2. Der italische Städtebund und die autonomen

Untertanen.

Das zweite völkerrechtlich wichtige Staatengebilde der frührömischen Geschichte ist der italische Städtebund; dabei ist der Bundesstellung Roms und der autonomiebegabten Untertanen überhaupt zu gedenken. Grundlage für die folgende Erörterung bilden die einzelnen geschichtlichen Etappen in der Entwickelung Roms von der zentralen Hegemonialstellung im Latinerbunde an bis zur Konstituierung Italiens als römischen Territorialstaates.1 Während dieser Epoche ist zwar das Verhältnis Roms zu den latinischen, wie auch außerlatinischen italischen Gemeinden ein keineswegs stabiles gewesen, es hat sich geändert je nach den politischen Erfolgen der kämpfenden Parteien. Aber seine auswärtigen Beziehungen sind doch alle von dem einen großen Gedanken eingegeben und in diesem Sinne auch ausgestaltet worden, eine allumfassende italische Militärgemeinschaft mit dem Zentrum in Rom zu schaffen. Die Verwirklichung dieser Idee ist das geeinigte Italien im Ausgange des 2. Jahrhunderts v. Chr.; dessen völkerrechtliche Stellung ist zu deuten.

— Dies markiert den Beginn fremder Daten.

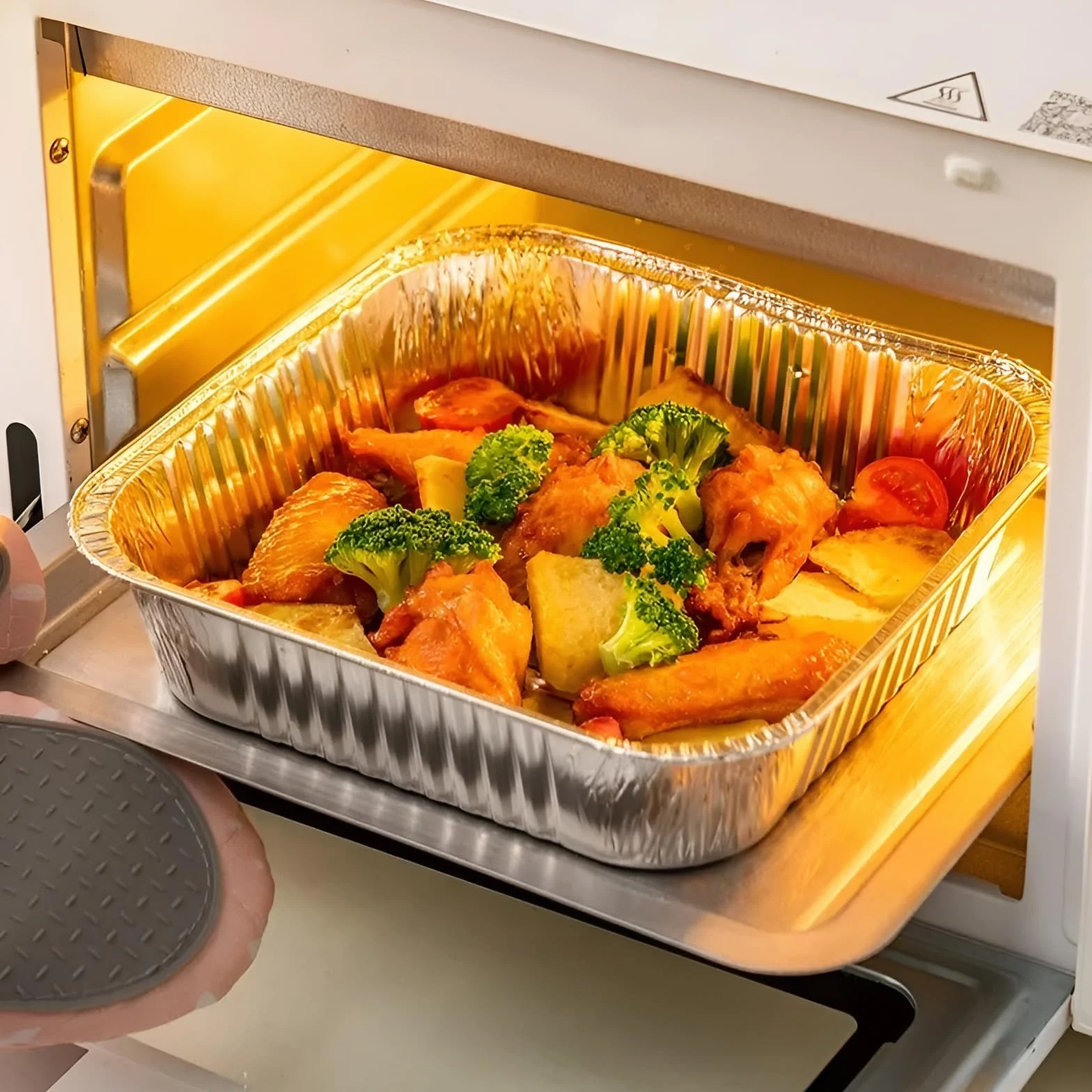 Kasaleti 40 Vaschette in Alluminio Rettangolari per Alimenti, Diverse Dimensioni, Argentate, Takeaway (12 Porzioni)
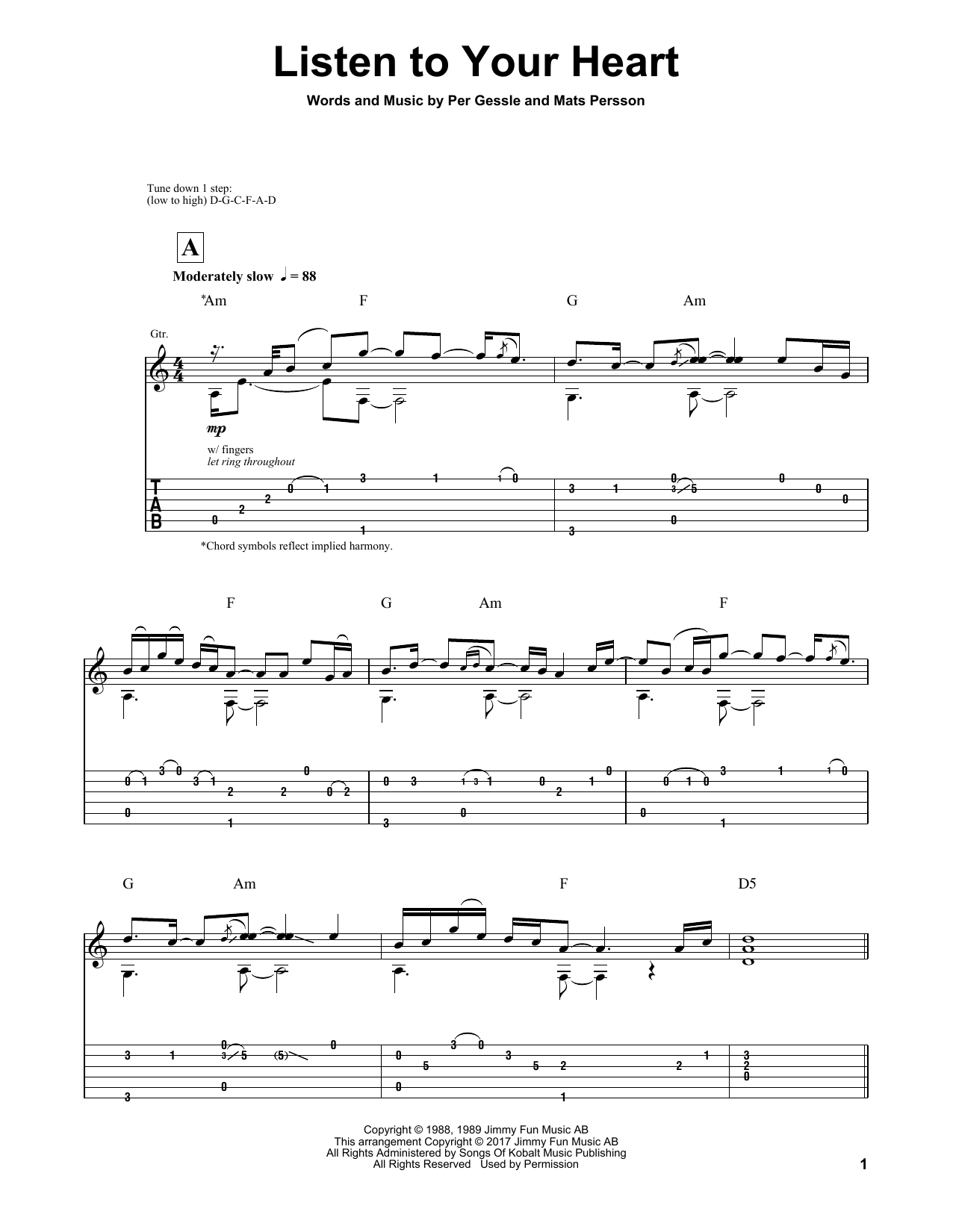 Igor Presnyakov Listen To Your Heart Sheet Music & Chords for Guitar Tab - Download or Print PDF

Der Latinerbund war ein staatenbundähnliches Gebilde auf der Grundlage gleicher Nationalität, gleicher religiös-ethischer Überzeugung der Glieder. Das Italien des 2. Jahrhunderts v. Chr. dagegen ist eine militärisch organisierte Wehrgenossenschaft der italischen Stadtstaaten und Gemeinden unter der protektoratsähnlichen Führung Roms. Der Eintritt in diese Militärgemeinschaft bedeutet in Wahrheit die,,deditio in fidem"; der Form

1 Die Kenntnis der einzelnen Phasen in der Entwickelung des lokalen Stadtstaates zum Territorialstaat wird vorausgesetzt. Zum Verständnis des Textes seien im Anschluß an MOмMSEN (Gesch. I, Kap. 5) die entscheidenden Momente in Kürze gestreift: Erschütterung der Hegemonie Roms und Sieg am Regillersee Neubegründung (foedus Cassianum) 493; Bund mit den Hernikern 486; Auflösung des Latinerbundes 383; Erneuerung des Bundes 358; Schließung der latinischen Eidgenossenschaft 384; Samnitenkriege; Latiner und Campaner gegen Rom 340; Auflösung des latinischen Bundes; Koalition der Italiker gegen Rom; Rom in Mittelitalien; Rom und Pyrrhus; Unterwerfung Unteritaliens; Italien römischer Staat.